Before adding to aquarium. I'm trying to minimize the tannins as much as possible. Just wondering what best method is. This will be my first piece of wood.


----------



## dave56 (Jul 4, 2012)

If it's small enough you can boil it. Do this for a while empty the water frequently so you can tell when the tannins are reduced.


----------



## Sanguinefox (Nov 29, 2011)

dave56 said:


> If it's small enough you can boil it. Do this for a while empty the water frequently so you can tell when the tannins are reduced.


Want to build up on this. After you seem to see a tannin reduction and it appears to boil clear it doesn't hurt to go ahead and put in something to soak in water for a few days just to be sure that it all leaches out. If you got the time it's worth it.


----------



## dave56 (Jul 4, 2012)

Sanguinefox said:


> Want to build up on this. After you seem to see a tannin reduction and it appears to boil clear it doesn't hurt to go ahead and put in something to soak in water for a few days just to be sure that it all leaches out. If you got the time it's worth it.


Absolutely!! Mopani is FULL of tannins:roll: Great wood, but a pain to get ready for tank use.


----------



## Boredomb (Feb 21, 2011)

Agree with what has been said already just wanted to throw this out there. Tannins is not the only thing you need to watch for with this wood. Though tannins are not bad or harmful to the fish. Fungus is a BIG issue with the wood. You can boil the crap out of this wood to get the tannins out but still sometimes get fungus to develop. This is the only wood I can buy locally so have dealt with it on numerous occasions. Most of the time I will boil it if small enough. Then use a steel wire brush on it. Then repeat a couple of times. Sometimes it works at gettting the fungus to stop sometimes not. I have done the process and thought the wood was fine and then a couple of weeks later after being in the tank it develops fungus and I have to take it out and do it all over again. Just something to watch.
_Posted via Mobile Device_


----------



## Romad (Jun 28, 2009)

+1 on the fungus. I refuse to use Mopani anymore because of it. I could never get it to go away completely and finally decided it wasn't worth the risk.


----------



## smit3183 (Sep 11, 2011)

If mopani has such an issue with fungus, what would be a better/safe piece of wood I can use?


----------



## Romad (Jun 28, 2009)

Malaysian driftwood is a good alternative. You can find some really interesting/unusual pieces. 

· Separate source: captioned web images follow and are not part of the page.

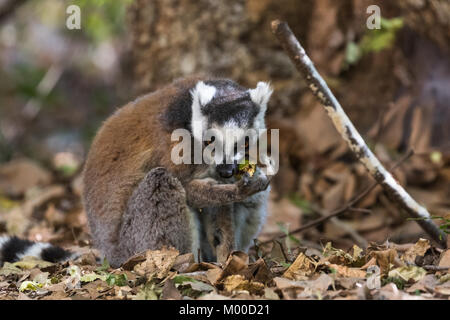 Ring tailed lemur Fütterung auf den Waldboden im Isalo Nationalpark, Madagaskar Stockfoto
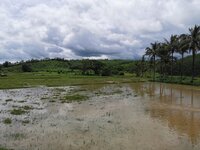IMG_20250528_105329.jpg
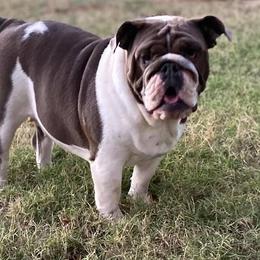 Bulldog and French Bulldog All Grown Up from Fancy Like Frenchies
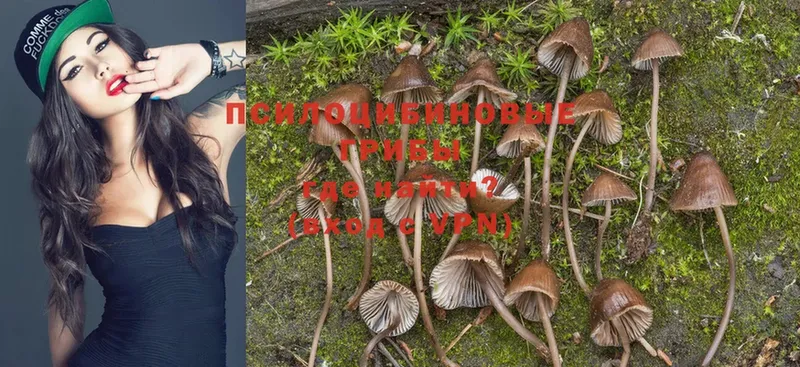 купить закладку  Тавда  Галлюциногенные грибы Psilocybe 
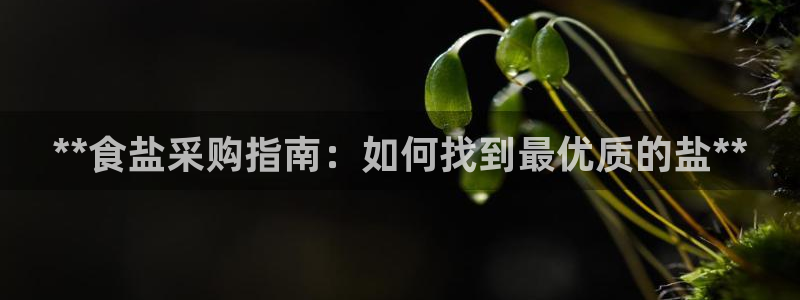 威九国际人民网招聘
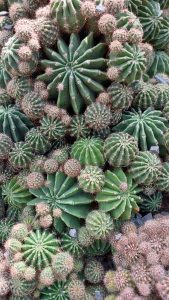 A vertical close-up shot of a dense arrangement of various green, spiky cacti with prominent ribs and different sizes.
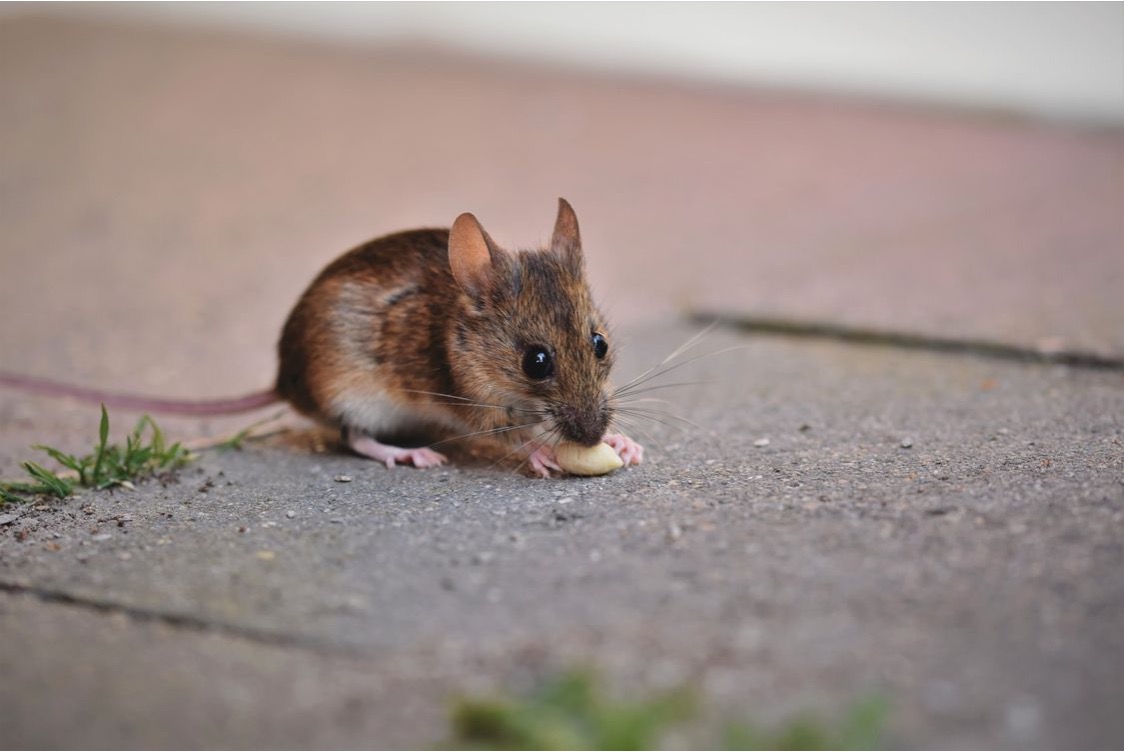 A small brown mice eating on a sidewalk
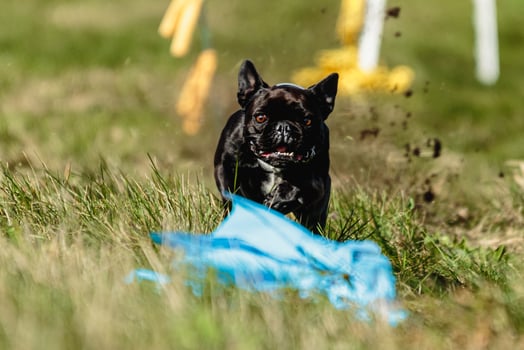French bulldog running and catching lure on competition photo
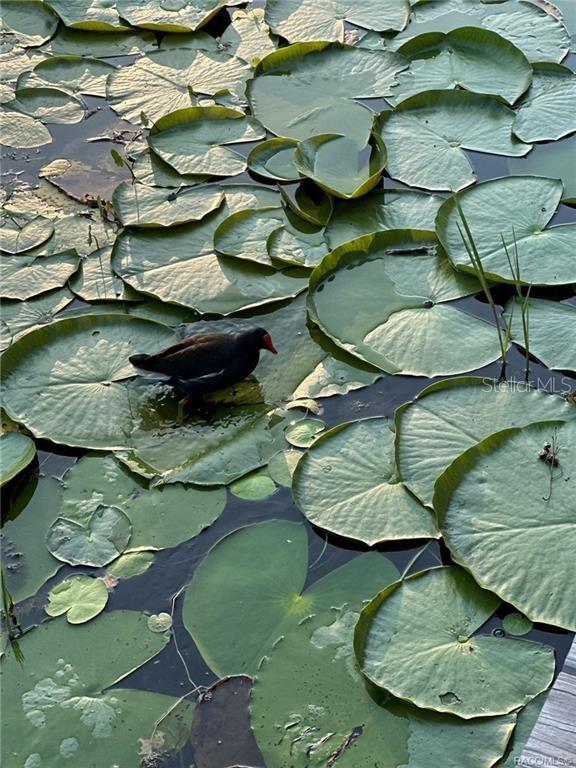 LAKE PARK - Residential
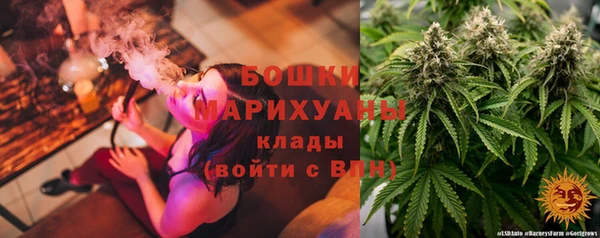альфа пвп Краснослободск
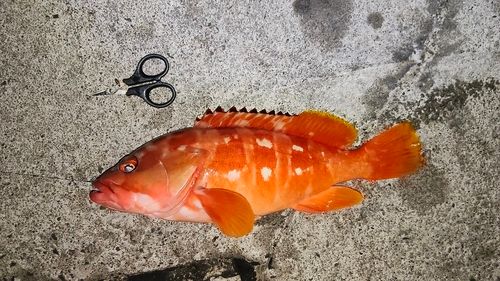 アカハタの釣果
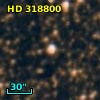 HD 318800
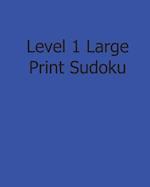 Level 1 Large Print Sudoku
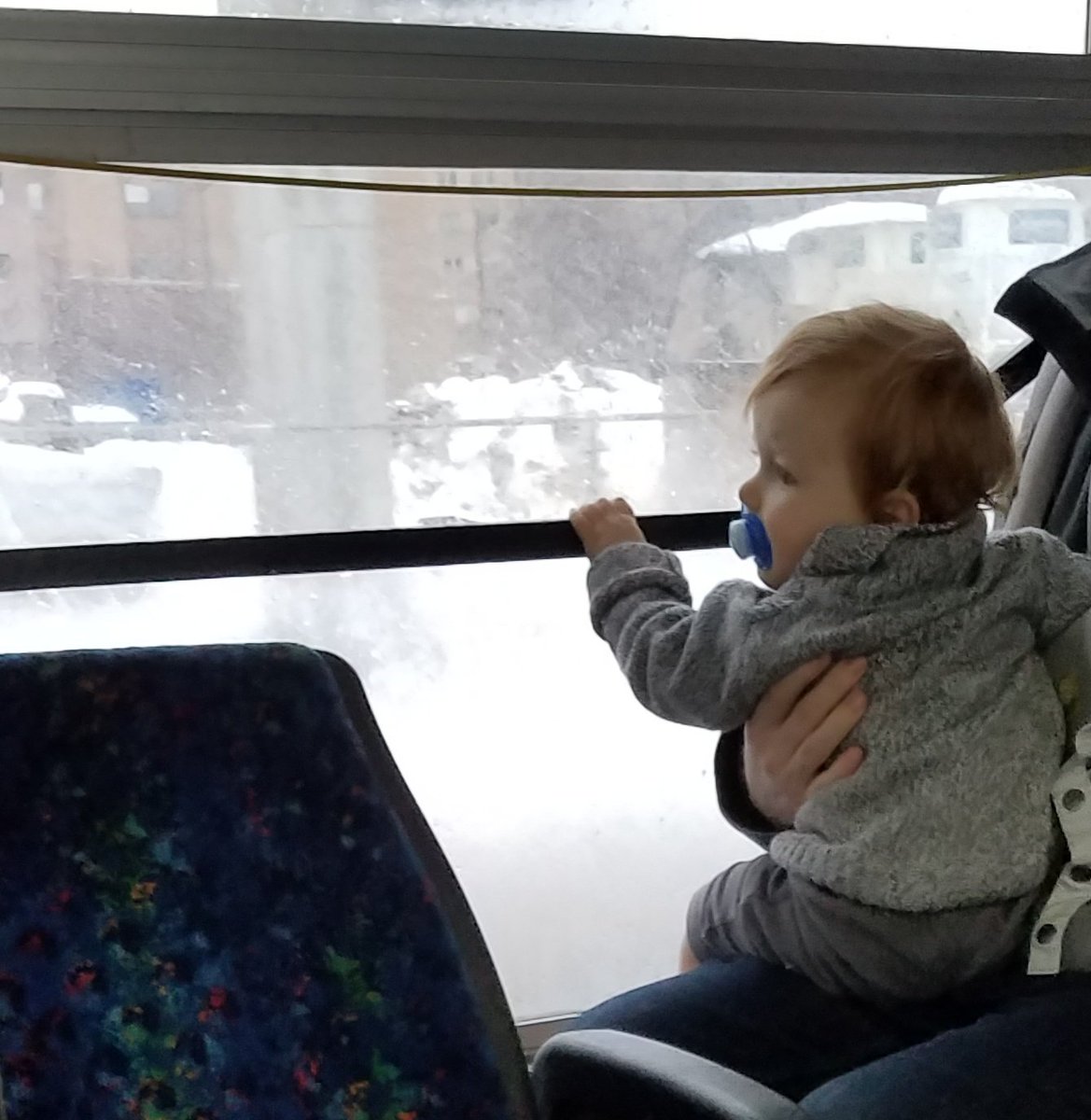 m_prosen's tweet photo. @MetroTransitMN @tpt @MetroTransitMN Thanks for bringing me to #BeMyNeighborDay! My first bus ride! https://t.co/OyvjZytCOz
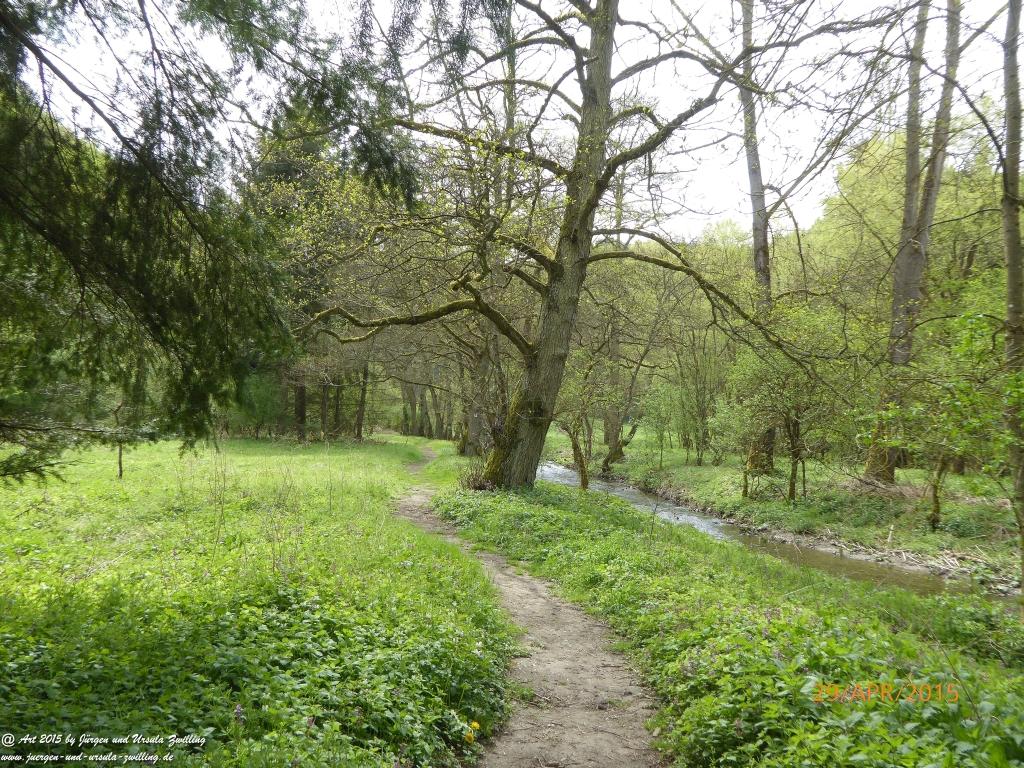 Philosophische Bildwanderung Murscher Eselsche - Hunsrück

Do the same as far as boiling and soaking to release tannins before adding to your tank.


----------



## Boredomb (Feb 21, 2011)

+1 Malaysian driftwood is much much better if you can get it. It has far less tannins in it then mopani wood. I have also not heard of ppl having issue with fungus with this wood.
_Posted via Mobile Device_


----------



## redchigh (Jan 20, 2010)

Has anyone ever rried hydrogen peroxide, ammonia, or bleach to treat the wood?
_Posted via Mobile Device_


----------